- TO DO
In the material below, the lines between the one holding "Grillezett ananász vaníliafagylalttal" and the one holding "John Stapleton, Norman", inclusive, are to be set down word for word. Pictures stay out.

- DATA PROVIDED
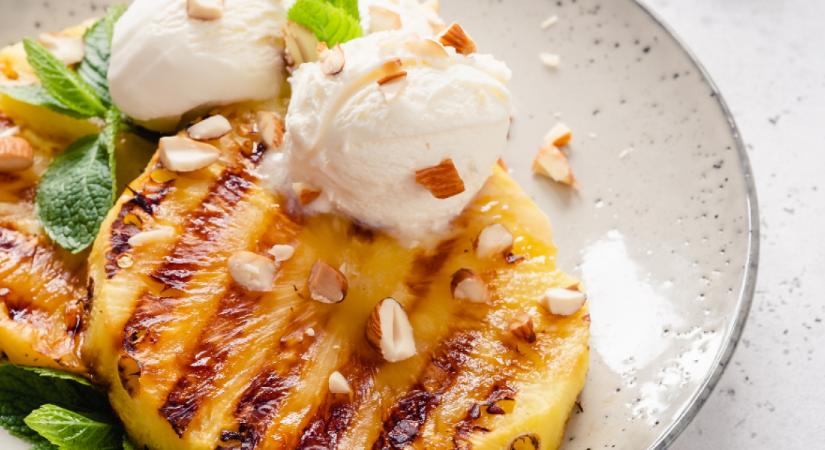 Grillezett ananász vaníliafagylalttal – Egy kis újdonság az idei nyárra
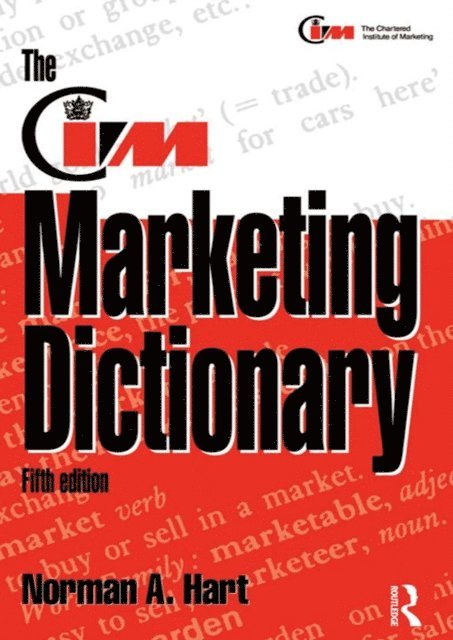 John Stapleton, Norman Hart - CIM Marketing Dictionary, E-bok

==

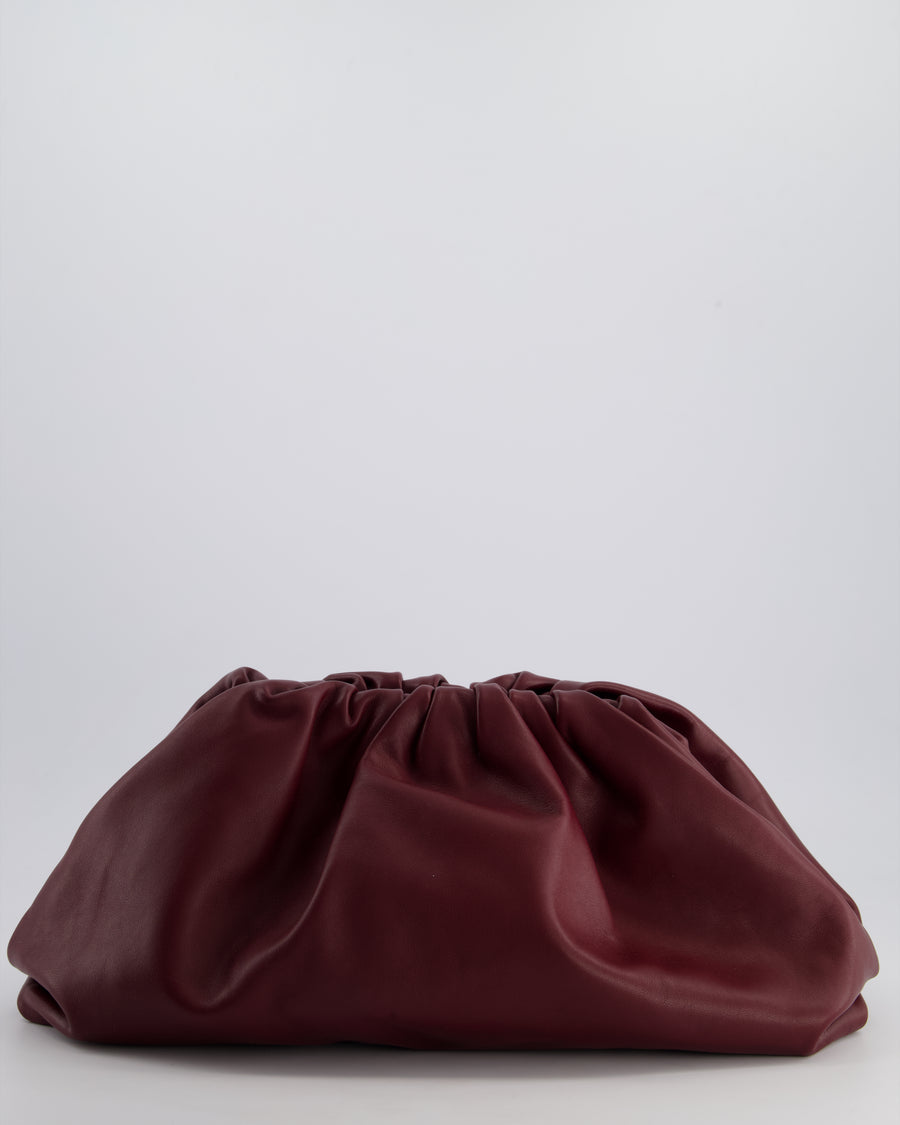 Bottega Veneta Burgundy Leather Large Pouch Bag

- COMPLETED EXERCISE
 Grillezett ananász vaníliafagylalttal – Egy kis újdonság az idei nyárra
 John Stapleton, Norman Hart - CIM Marketing Dictionary, E-bok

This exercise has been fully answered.